La Haute Juridiction considère ainsi que les particularités de cette arme imposent que son usage, qui comporte des dangers spécifiques, soit précisément encadré et contrôlé.
Le Conseil d'Etat a alors évalué les garanties attachées à son usage. Si celles-ci ont été jugées suffisantes pour les agents de la police nationale, ce ne fut pas le cas les agents de police municipale.
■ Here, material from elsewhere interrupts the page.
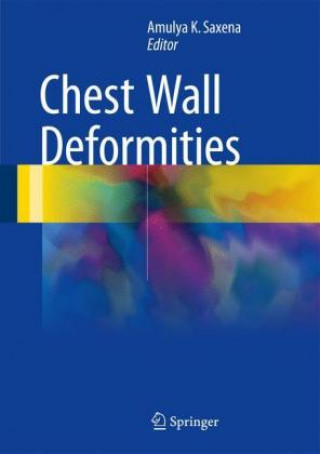 Kniha Chest Wall Deformities Amulya K. Saxena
Sont ainsi montrées du doigt, l'absence de formation des agents, l'absence de procédure d'évaluation et de contrôle périodiques et l'inexistence d'expression des précautions d'emploi.
Suite à cette décision, le Ministre de l'Intérieur a précisé qu'un nouveau décret serait prochainement pris afin de redonner une base juridique légale à l'utilisation du « taser ».
On se souvient que l'usage du « taser » avait été très critiqué par certains, dont Monsieur Olivier BESANCENOT, lequel avait été poursuivi par la société distributrice du « taser » en France.
La loi du 8 février 2010 tendant à inscrire l'inceste commis sur les mineurs dans le Code Pénal et à améliorer la détection et la prise en charge des victimes d'actes incestueux est parue au Journal Officiel le 9 février 2010.
Cette loi introduit plusieurs éléments dans le Code Pénal et le Code de Procédure Pénale.
La loi crée un nouvel article 222-31-1 qui qualifie d'incestueux « les viols et agressions sexuelles lorsqu'ils sont commis au sein de la famille sur la personne d'un mineur par un ascendant, un frère, une soeur ou par toute autre personne, y compris s'il s'agit d'un concubin, d'un membre de la famille, ayant sur la victime une autorité de droit ou de fait ».
A peine parue, la loi suscite déjà de nombreux débats sur la nature juridique de cet « inceste » intégré au Code (ni circonstance aggravante, ni nouvelle infraction, il a pu être nommé par certains « sur-qualification ».
Fallait il faire entrer l'inceste dans le Code Pénal ?
Le débat est ouvert.
La Cour de Cassation, chambre criminelle, a prononcé le 30 septembre 2009 un arrêt fort intéressant.
En effet, aux termes de cet arrêt, lorsque le certificat d'immatriculation d'un véhicule verbalisé pour excès de vitesse est établi au nom d'une personne morale, seul le représentant légal de celle-ci peut être déclaré redevable pécuniairement de l'amende encourue.
Doit donc être cassé l'arrêt qui a condamné pécuniairement une société titulaire du certificat d'immatriculation du véhicule verbalisé pour excès de vitesse.